▶ [SUPPLIED DATA]:
▼

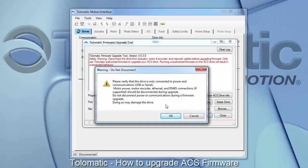The second warning will let you know that power loss during the upgrade process may cause the drive to become inoperable, and then it will have to be sent back to Tolematic for repair.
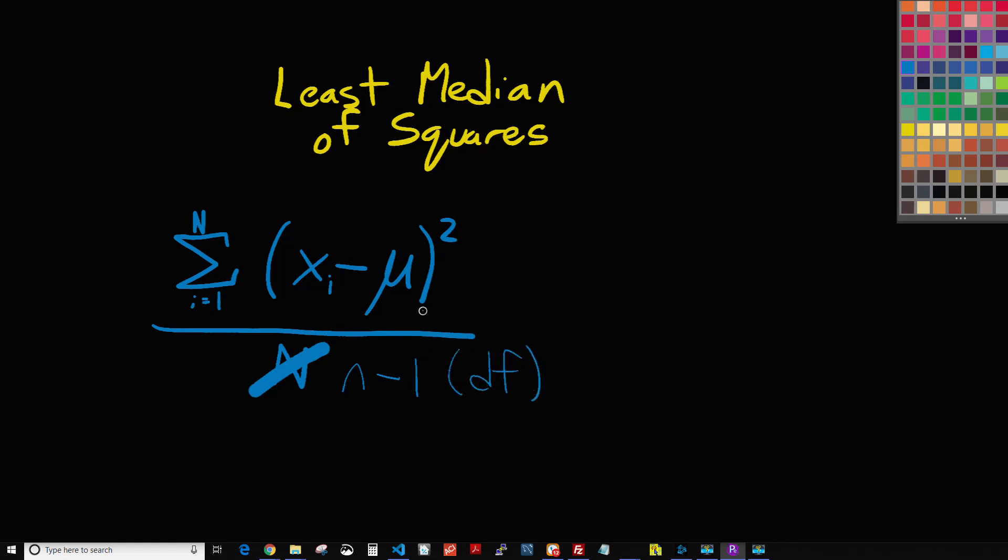And so when you use a sample to try and estimate or predict a population, then you use the term lowercase n minus one, which is the total number of the sample minus one. But in our case, just for ease of explaining this, we are just going to be talking about N, meaning an entire population.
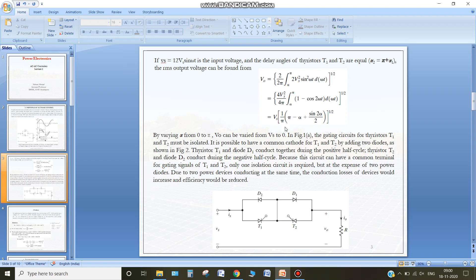By changing alpha we can change the output rms value. By varying alpha from 0 to pi, the output can be varied from Vs down to 0.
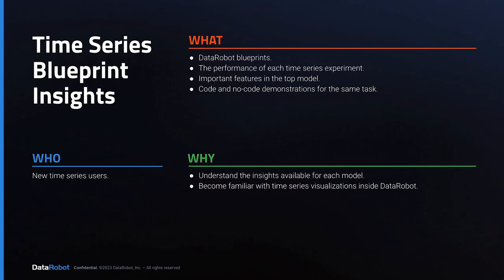Now you should have basic familiarity with the insights that are available for each time series model in DataRobot.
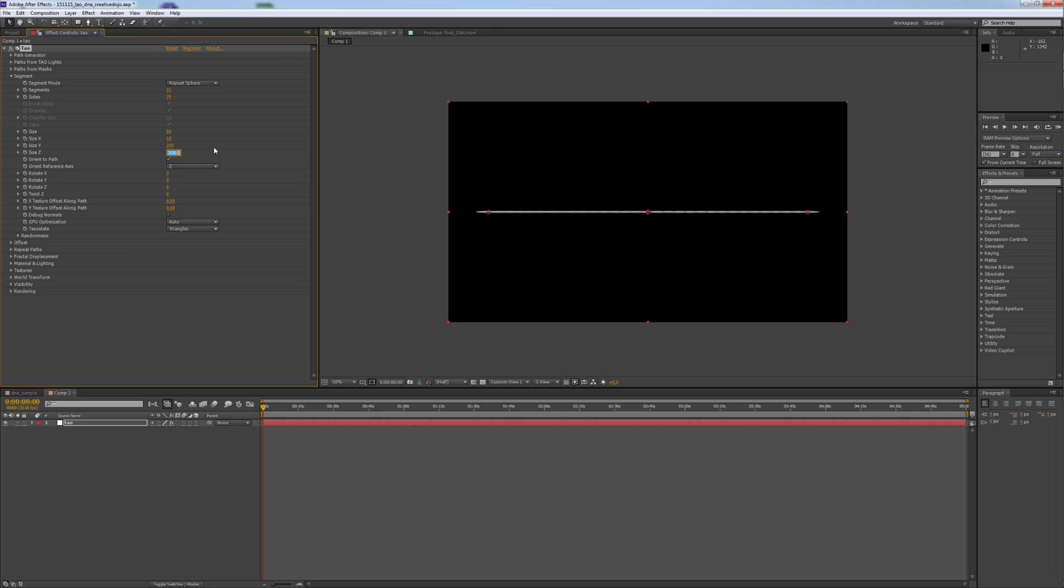And lower Z to 10. Well, that looks awkward, because we didn't change the Orient Reference Axes to Y.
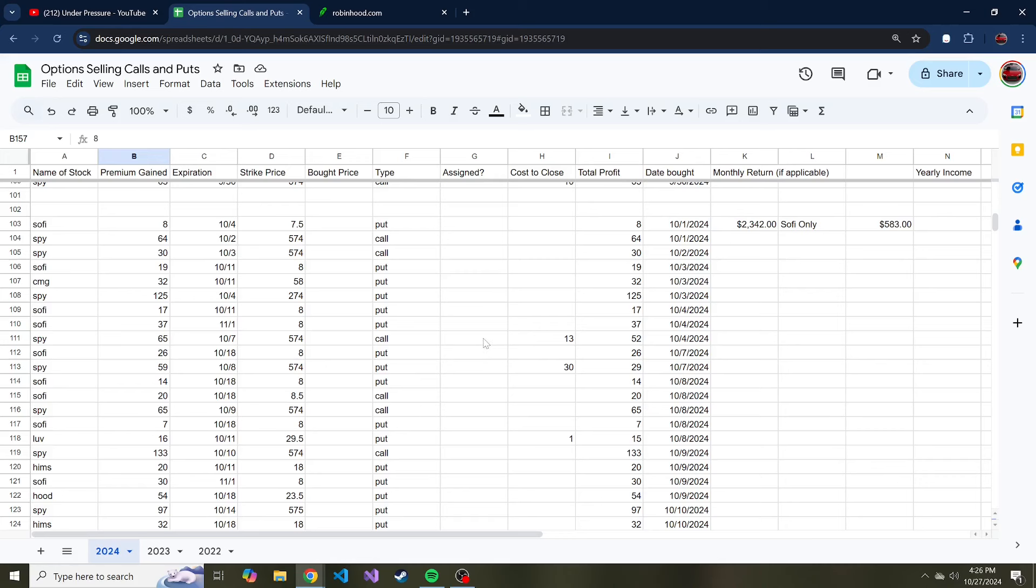I haven't been doing a good job keeping track of that, but I have been keeping track of cost to close. So if I buy to close a put that I sold, I'll put that in this column, same with calls, and then how much profit I gained from the premium of selling those options.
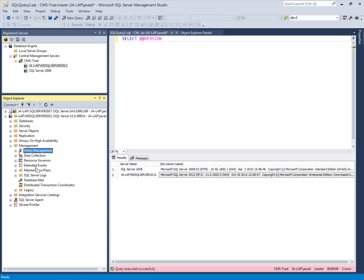The Centralized Management Server is very useful when you have more than one server with more than one database. You can set up a Centralized Management Server and use it to evaluate policies against the whole environment in one place.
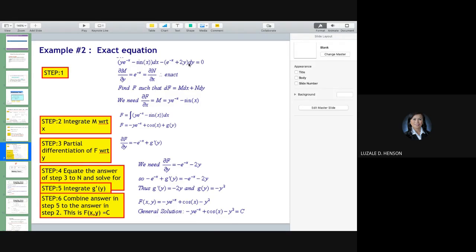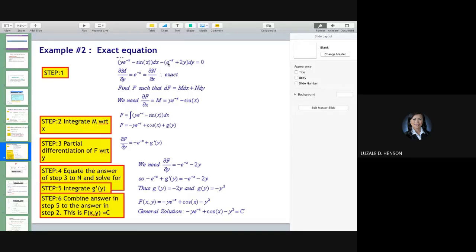Go to the N expression. Take note you have to include the negative sign here. So N is negative e^(−x) minus 2y. The partial derivative of N with respect to x: the derivative of negative e^(−x) gives a double negative, making the result positive e^(−x). The derivative of 2y with respect to x is 0. As you can see, this is exact because both partial derivatives are equal.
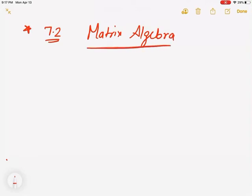This is, I guess, kind of a brand new topic for you guys. I don't know if you guys ever learned this before, but trust me, you guys are just going to love this topic. It's so simple, so easy, and so interesting. So first of all, let's learn about what it means by a matrix.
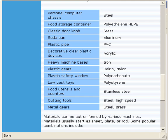Decorative plastic objects are often acrylic. Heavy machine bases are often made out of iron. Plastic gears are quite often cut from delrin or nylon. Plastic safety windows are often polycarbonate.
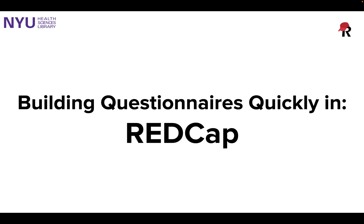Hello and welcome to this video session on building forms quickly in REDCap. My name is Fred Lopola and I'm a librarian at the NYU Health Sciences Library here at NYU Langone Health. In this series of videos, we're going to talk about two main features for building your questionnaires more quickly.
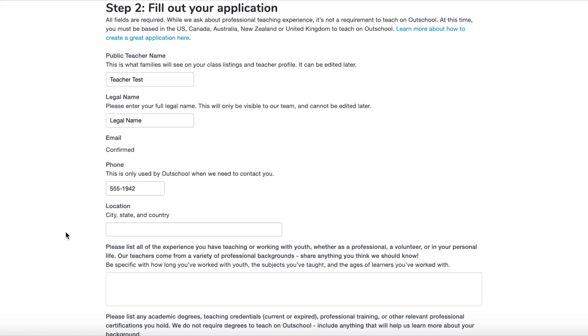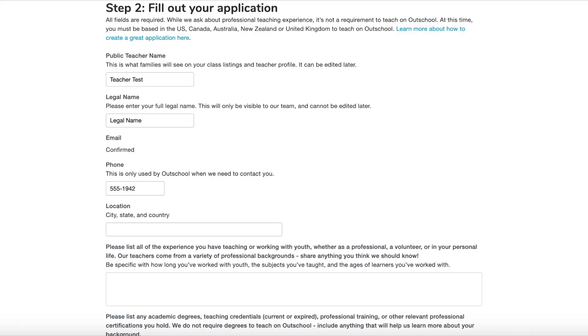Your next task asks you to list all of the experience you have teaching or working with youth, whether as a professional, a volunteer, or in your personal life. Be specific with how long you've worked with youth, the subjects you've taught, and the ages of learners you've worked with. My two most important tips for this question: make sure you're answering the questions and be concise. You don't want to list things like a resume. I like to write full sentences, although some people have success with bullet points.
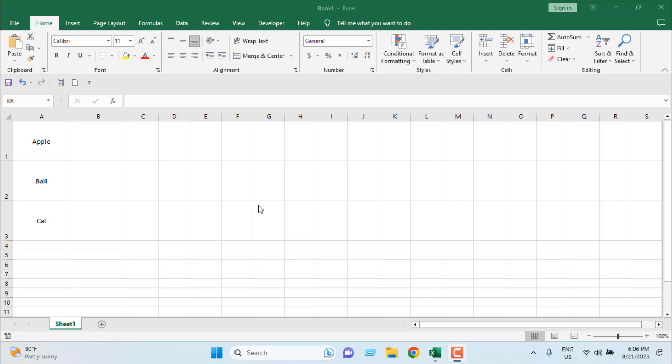In this tutorial, I'm going to show you exactly how you can insert an image inside an Excel cell. I'm going to show you how you can insert that image, how you can sort and filter that image, and how you can hide that row including the image, and a lot more. Let's get started.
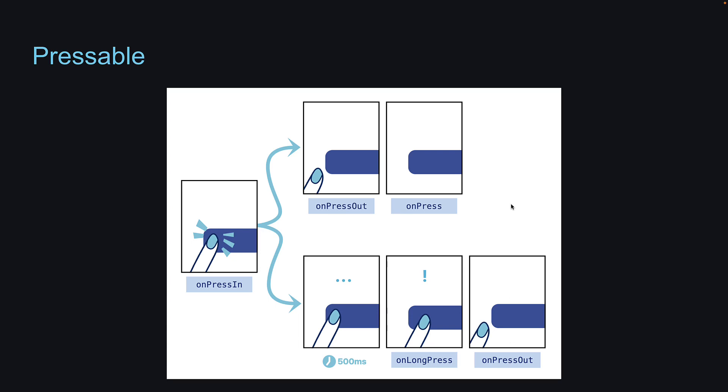As an exercise, I encourage you to add these props to the Pressable component on the image and handle the events to ensure they trigger as expected. Let me know in the comment section if they all work as expected. Thank you for watching. If you are enjoying the content, please leave a like and subscribe to the channel. I'll see you in the next video.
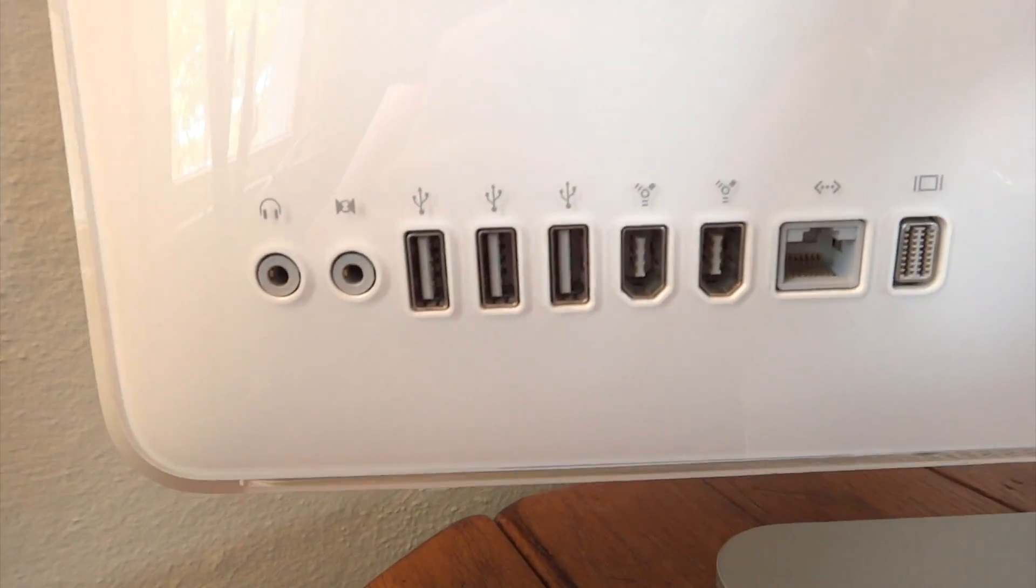On the opposite side, we will see our ports. And underneath, we will find a ventilation hole along with our power socket.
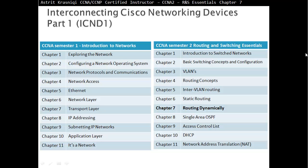Hello and thank you for watching my video. My name is Astrid Krasnici. I'm CCNA and CCNP certified instructor. On this video we are covering CCNA Semester 2, Routing and Switching Essentials. This is Chapter 7, Routing Dynamically.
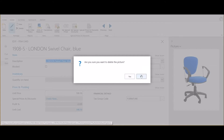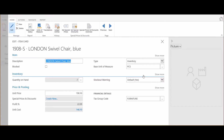In this case, let's delete the picture. We simply select delete and select yes. We now have no picture associated with this item. To import a new picture...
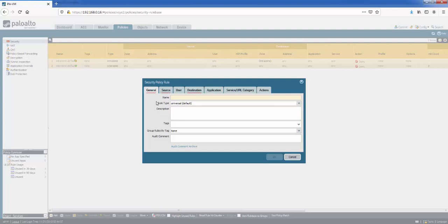You can create rules based on zones, IP addresses, applications, ports, source users, host information profiles, user categories. So there's quite a lot of options which we will have a look at now. By default there's the intrazone and interzone rules here, and you can choose them in the rule type here as well.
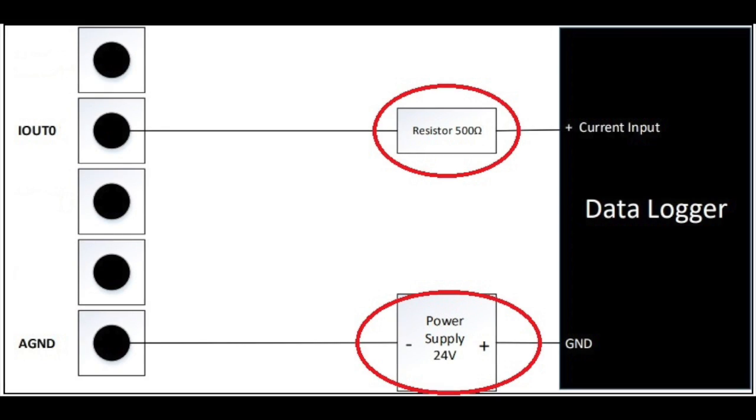Next you will need to wire the USB 3102 box to your data logger as shown in this diagram. For this you will need a 24VDC power supply and if your data logger does not already have a 500 to 1000 ohm resistor then you will need a resistor as well.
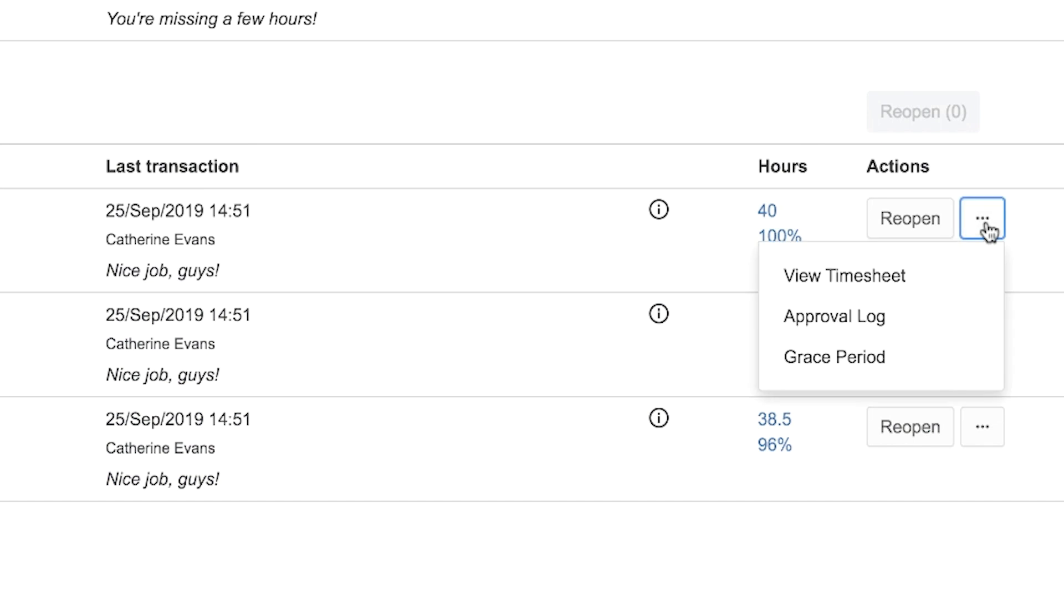From the More menu, you can view the timesheet of that member in My Work, open their full approval log, or grant a grace period to give a team member a bit more time to finish up and submit their timesheet.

▲

The response must match the data line for line, from its first line through the line with "And lower Z", inclusive, and must leave out the pictures.

▶ [FINISHED TASK]:
The second warning will let you know that power loss during the upgrade process may cause the drive to become inoperable, and then it will have to be sent back to Tolematic for repair.
And so when you use a sample to try and estimate or predict a population, then you use the term lowercase n minus one, which is the total number of the sample minus one. But in our case, just for ease of explaining this, we are just going to be talking about N, meaning an entire population.
By changing alpha we can change the output rms value. By varying alpha from 0 to pi, the output can be varied from Vs down to 0.
Now you should have basic familiarity with the insights that are available for each time series model in DataRobot.
And lower Z to 10. Well, that looks awkward, because we didn't change the Orient Reference Axes to Y.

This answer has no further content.